Data extract:
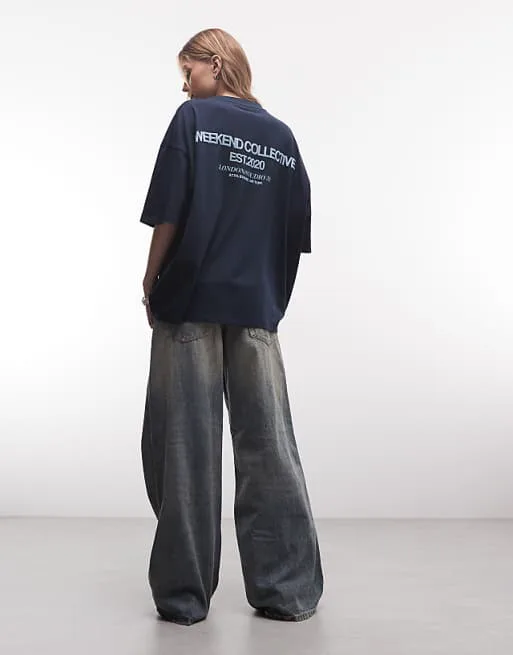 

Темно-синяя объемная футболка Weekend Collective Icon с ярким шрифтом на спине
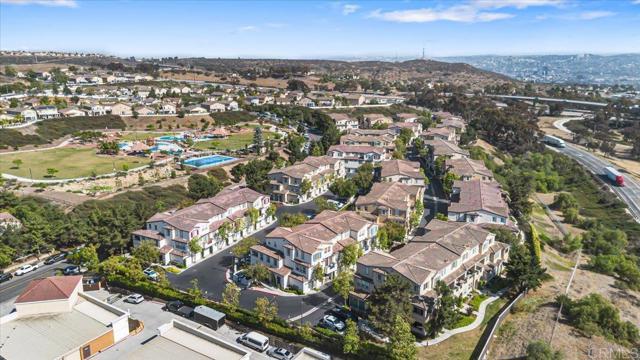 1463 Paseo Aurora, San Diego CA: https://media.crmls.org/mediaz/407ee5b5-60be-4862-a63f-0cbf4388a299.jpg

---

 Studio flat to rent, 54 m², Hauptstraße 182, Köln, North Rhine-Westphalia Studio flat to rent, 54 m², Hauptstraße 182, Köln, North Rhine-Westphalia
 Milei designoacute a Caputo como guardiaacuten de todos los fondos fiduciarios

Exercise brief: Of the entries above, repeat exactly the lines between the line with "North Rhine-Westphalia Studio" and the line with "Milei designoacute a", inclusive, and no others.

Task solution:
 Studio flat to rent, 54 m², Hauptstraße 182, Köln, North Rhine-Westphalia Studio flat to rent, 54 m², Hauptstraße 182, Köln, North Rhine-Westphalia
 Milei designoacute a Caputo como guardiaacuten de todos los fondos fiduciarios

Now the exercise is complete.